Son dönemlerde en çok tutkunu olunan kelime “RETRO” olmalı. Geriye doğru anlamına gelen bu kelime bize ne ifade ediyor? Sadece eski mobilyalar mı? Yeni bir salon takımını eski şekilde dizayn etmek mi? Yoksa 1970’lerin modasını yeniden tasarlayıp, moda koleksiyonları oluşturmak mı?

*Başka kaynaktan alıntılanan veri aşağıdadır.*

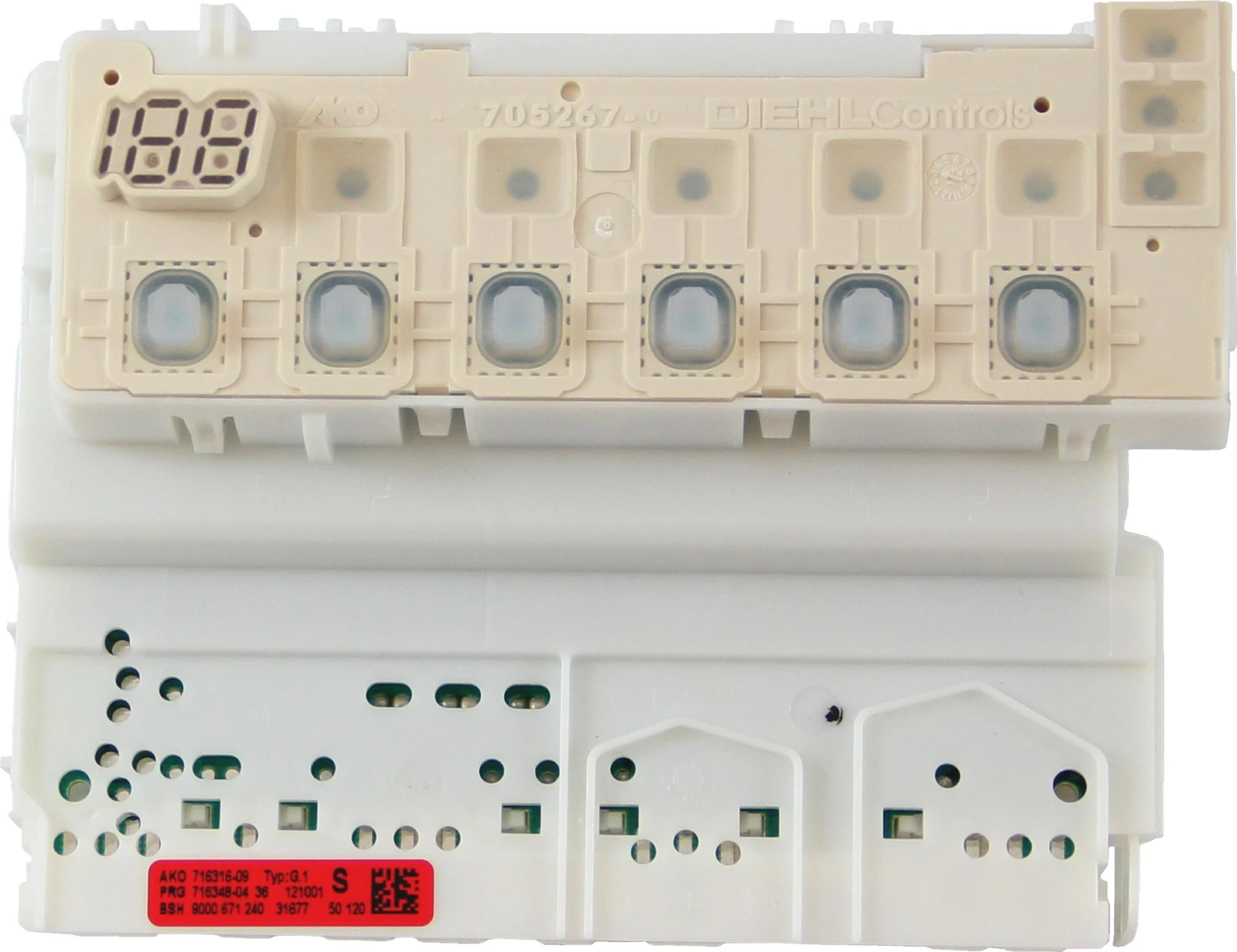 Controller Unit 4-Program, W/ Display, Child Lock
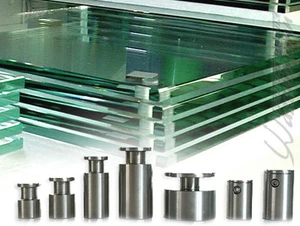 Edelstahl Schildhalter, ESG-Glas Schilder, Beschilderung, Firmenschild, Eingang - Bild 1 von 1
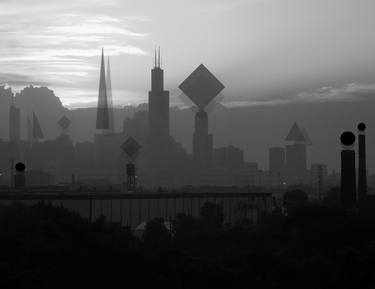 The City Sunrise with Symbols #2 - Limited Edition 1 of 12 thumb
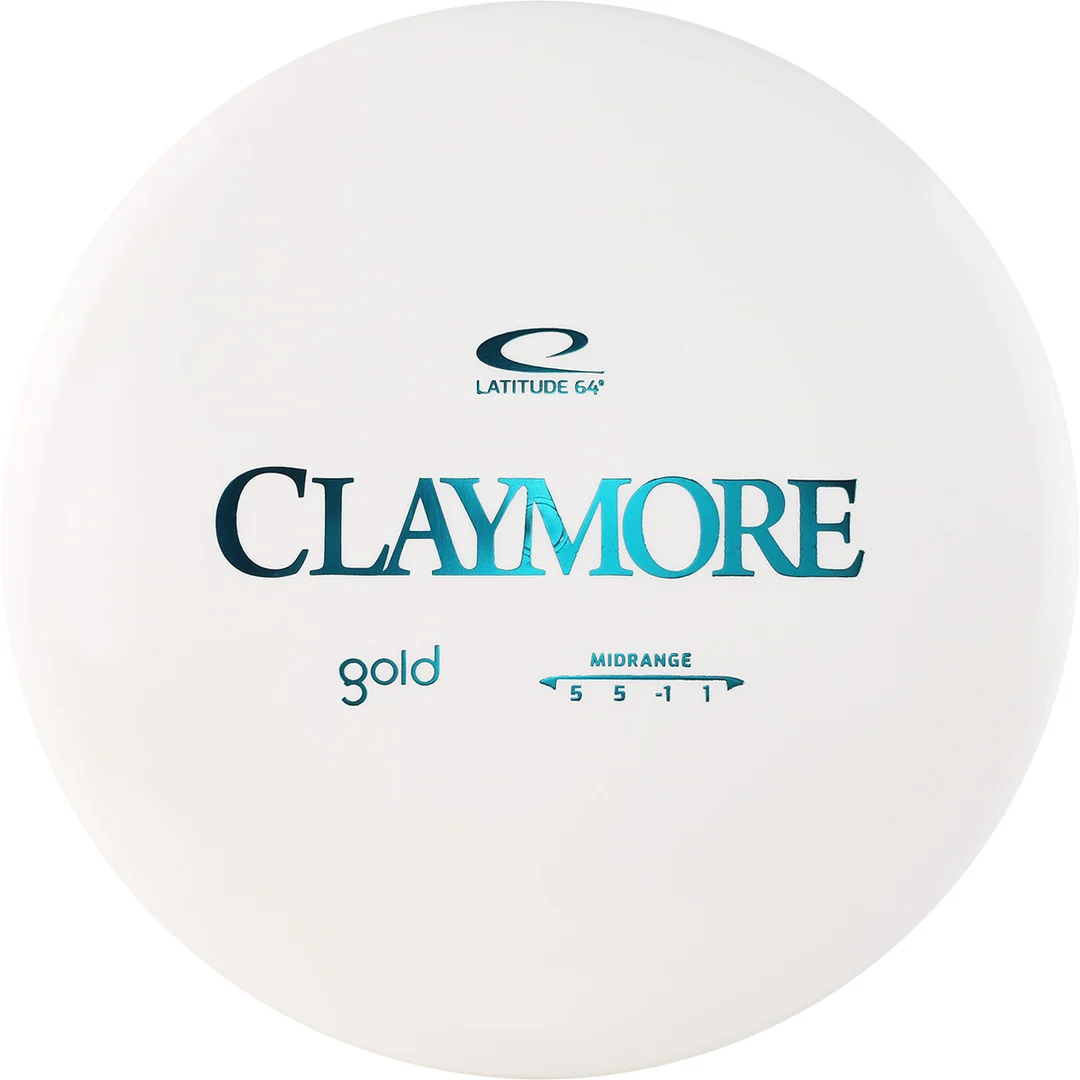 Custom Latitude 64 Discgolf Disc Claymore Gold Midrange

Eminim aranızda bir çok Avrupa şehirlerini arşınlamış hatta bunun yanına Amerika deneyimi eklemiş hatta ve hatta birde Güney Amerika yapmış kişiler vardır. Hiç düşündünüz mü neden oralarda eski yapılar korunuyor? Neden bir Avrupa şehrinde 100-200-250 ve ya daha yaşlı binalarda oturmak mümkünken bizim bulunduğumuz topraklarda bu mümkün değil?

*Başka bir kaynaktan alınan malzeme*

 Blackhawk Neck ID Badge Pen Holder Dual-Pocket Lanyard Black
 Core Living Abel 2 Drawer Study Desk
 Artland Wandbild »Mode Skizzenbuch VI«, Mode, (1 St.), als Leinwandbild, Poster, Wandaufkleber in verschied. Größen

Tamam tamam… Başlamayın şimdi bilmem kaç medeniyet, kaç imparatorluk kaç savaş gördü bu topraklar falan filan…
Bizim daha yaparken yapılara biçtiğimiz ömür 40-50 yıl. Hadi eskiden kalmadı, kalamadı koruyamadık. Ama şimdi yaptığımızın ömrünü neden daha yaparken bu kadar kısa belirliyoruz?

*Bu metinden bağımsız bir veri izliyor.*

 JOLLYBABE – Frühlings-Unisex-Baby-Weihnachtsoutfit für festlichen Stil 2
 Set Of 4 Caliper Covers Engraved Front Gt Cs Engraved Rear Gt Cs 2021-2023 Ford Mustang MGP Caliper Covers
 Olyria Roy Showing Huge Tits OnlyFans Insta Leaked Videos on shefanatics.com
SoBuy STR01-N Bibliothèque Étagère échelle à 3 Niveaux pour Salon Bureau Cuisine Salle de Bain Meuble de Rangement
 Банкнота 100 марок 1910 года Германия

Daha yaparken biri diyor ki, – Yahu 40 yıl sonra buranın ne kadar değerleneceğini biliyor musunuz? Burada yapılabilecekleri bir hayal edin? Bu bina yıkılıp neler yapılabilir? Amma da çok kar edeceksiniz!..
Peki bu düşünce neden şöyle olamıyor? Yıllar sonra buraları bir hayal edin, ne kadar gelişecek, popülerliği artacak, buluşma noktası olacak ve bizim binamız yaşlandıkça değeri artacak.
Yıkıp geliştirmek yerine saklayıp değerlendirme kültürümüz malesef yok. Bunun sebebi göçebe kültürümüzden geliyor olabilir. Peki hiç mi yerleşemedik, hala mı yürümeye devam edeceğiz, hiç mi yorulmadık? Yürüdük çadır kurduk, yeri beğenmedik çadırı topladık başka yere yürüdük de yerimize gelene ne bırakıyoruz? Yeni gelen, yeni fikirleriyle hiç mi bizim bıraktıklarımızdan etkilenmesin?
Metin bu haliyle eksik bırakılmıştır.